Der Lärm in der großen Maschinenhalle betäubte ihren Kopf gerade ausreichend, um nicht ständig an die Ereignisse der letzten Stunden zu denken. Trotz aller Aufregung und der ungeklärten Fragen, ihrer Verwirrung setzte unaufhaltsam bleierne Mattigkeit ein. Dankbar nahm Anni die Situation an. Die ihr vertrauten, mechanischen Handgriffe hatten etwas beruhigend Normales an sich und machten es ihr einfach …

„Fräulein Beckmann!“

Anni schrak zusammen. Sie blinzelte den Staub aus ihren Wimpern und sah von ihrer Arbeit auf. Durch das Kreischen der Maschinen kamen die Worte verzerrt bei ihr an. Im ersten Moment wusste sie nicht, wer sie gerufen hatte und woher die Stimme kam. Zwischen all den Frauen in Arbeitshosen und Schürzen erkannte sie nur ein paar Hilfsarbeiter, Kriegsveteranen, die hier im Rahmen ihrer körperlichen Behinderungen mit anpacken konnten. Hektisches Winken zog ihre Aufmerksamkeit an. Auf der Metalltreppe zu den Verwaltungsräumen stand ein kleiner Mann im Anzug, der auf sie deutete und erneut mit der Hand wedelte.

„Geh schon Anni!“

Sie fuhr herum. Hinter ihr stand Henni Dörsam, beide Hände in die Hüften gestützt. Die Vorarbeiterin wirkte nicht gerade gnädig. Sie stand im Gegenlicht, sodass die fahle Wintersonne Eisenstaub in ihrem dunklen Haar zum Glitzern brachte.

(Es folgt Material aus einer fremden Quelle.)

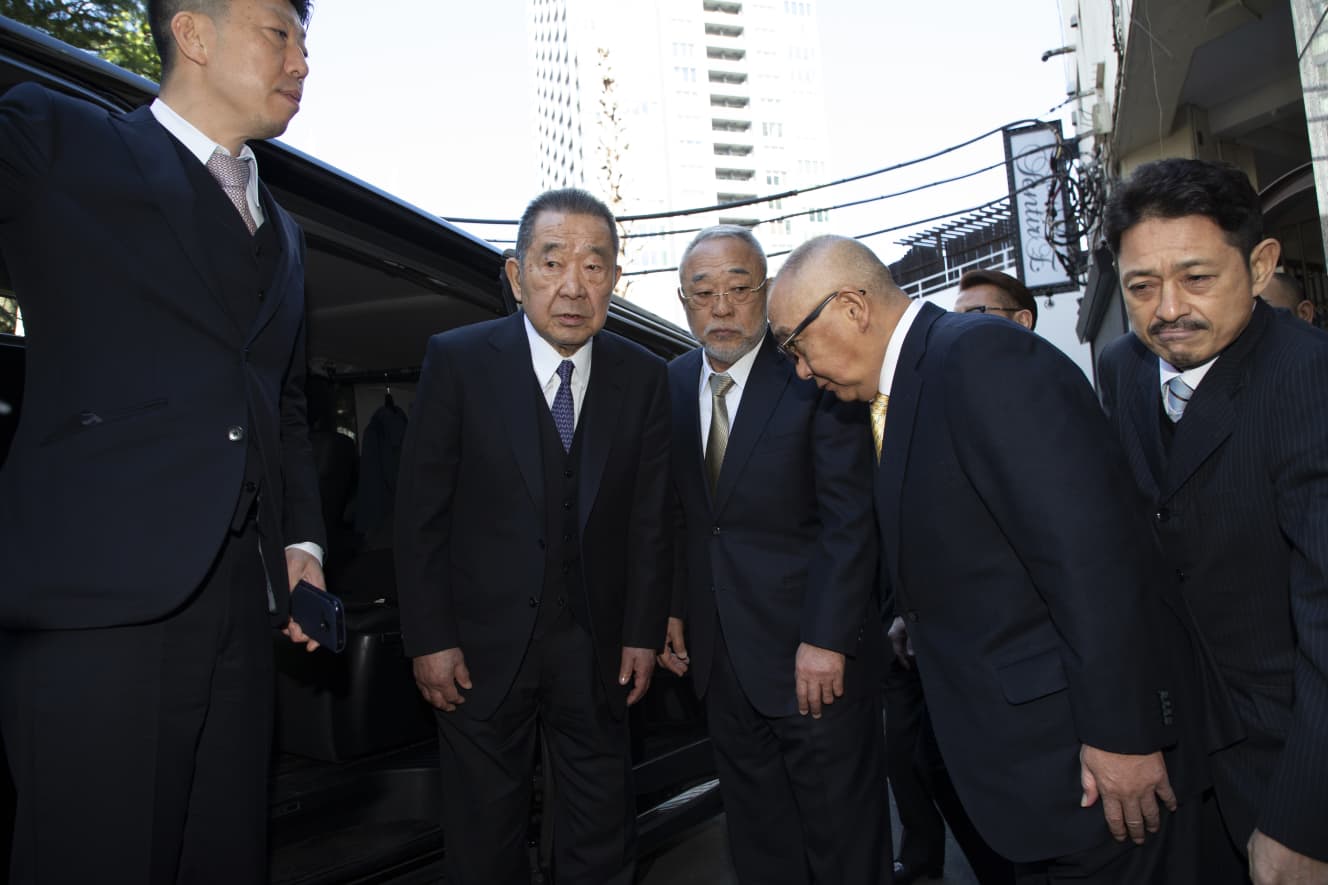 早野会長が見送るなか、送迎車へ乗り込んだ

Hinter Annis Stirn begann es dumpf zu pochen. Sie kniff die Augen zu Schlitzen zusammen. Was wollte Henriette von ihr? Ihr Magen ballte sich zu einem Stein zusammen. Hatte etwas in der Zeitung gestanden? War ihr Name etwa in aller Öffentlichkeit breitgetreten worden? Anni feuchtete sich die Lippen an und schmeckte Metall.

„Geh schon, Mädchen!“, forderte Henni sie auf und legte ihr die flache Hand auf den Rücken.

Unsicher nickte Anni. Sie ließ sich zur Treppe schieben und stieg langsam hoch, dicht gefolgt von Henni, deren Blick im Nacken brannte. Vor dem kleinen Mann im Anzug blieb sie stehen. In seinen runden, etwas zu tief liegenden Augen regte sich nichts. Seine Mimik blieb schlaff und vollkommen ausdruckslos. Sie kannte ihn, hatte ihn schon gesehen, aber er war einer jener Menschen, deren Namen und Aussehen man vergaß, sobald sie die Tür hinter sich schlossen. Rasch drehte er sich um und ging weiter hinauf. Eine der schmutzigen, zur Hälfte verglasten Bürotüren stand offen. Künstliches Licht fiel auf die Galerie. Anni kannte den Ort. Es war das Büro des Fabrikvorstehers. Sie hatte hier vor einigen Jahren ihren Arbeitsvertrag unterschrieben.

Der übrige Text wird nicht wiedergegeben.